Eine Zellmasse, wie sie dann entsteht, ist noch keine Wurst. 

Noch nicht voll ausgereift ist, wie wir das Zellwachstum so lenken können, dass sich adulte Muskelfasern entwickeln und wie wir eine 3D-Struktur schaffen. Wir prüfen dazu unter anderem das 3D-Bioprinting. Die Frage ist aber auch: Muss kultiviertes Fleisch aussehen wie ein Steak? Wie eine Wurst? Ich möchte vor allem, dass es schmeckt wie herkömmliches Fleisch. 

Wann liegt kultiviertes Fleisch in Deutschland auf dem Teller? 

Unsere Prognose ist, dass wir 2024 einen Prototyp haben und 2026 ein richtig gutes Produkt.

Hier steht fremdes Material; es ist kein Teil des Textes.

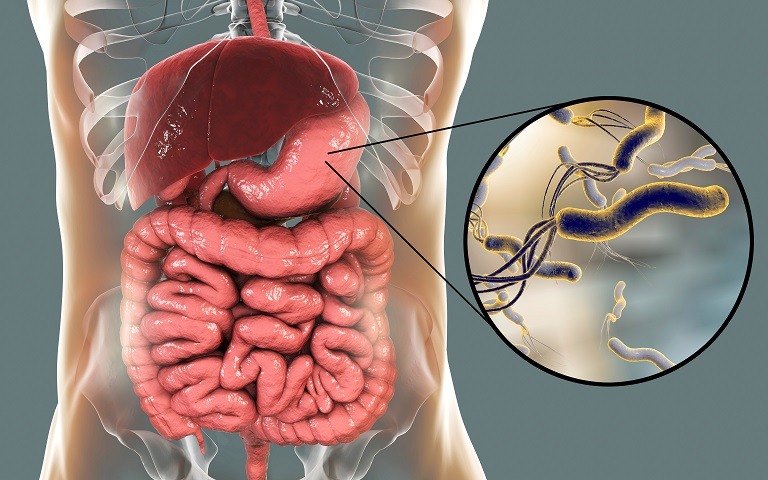 Regim alimentar Helicobacter pylori: ce să mâncați și ce să evitați?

Wir wollen mit Wurst starten, die wird in Deutschland generell gut verkauft. 2026 wissen wir auch, wie wir unser zellbasiertes Fleisch in größerem Maßstab herstellen wollen. 

Das heißt, in drei Jahren gibt’s ein Grillfest mit eigenen Würstchen? 

Vielleicht. Aber um das Ganze in einen technologischen Prozess umzusetzen, vergehen sicherlich noch einmal zwei Jahre. Geklärt werden muss, wer überhaupt in der Lage sein könnte, zellbasiertes Fleisch in größerem Umfang zu produzieren. Es entstehen derzeit Firmen, die spezielle Bioreaktoren herstellen wollen. Dass es die gibt, wäre ja eine der Voraussetzungen für die Produktion. Prognosen zufolge sollen aber bereits 2030 zehn Prozent des weltweit konsumierten Fleisches kultiviertes Fleisch sein. 

 

Zur Person

Dr. med. vet. habil. Monika Röntgen ist Zellforscherin am Forschungsinstitut für Nutztierbiologie (FBN) Dummerstorf. Dort leitet sie die Abteilung „Muskelwachstum und Entwicklung“. Sie ist außerdem die Leiterin des Forschungskonsortiums „CELLZERO Meat“.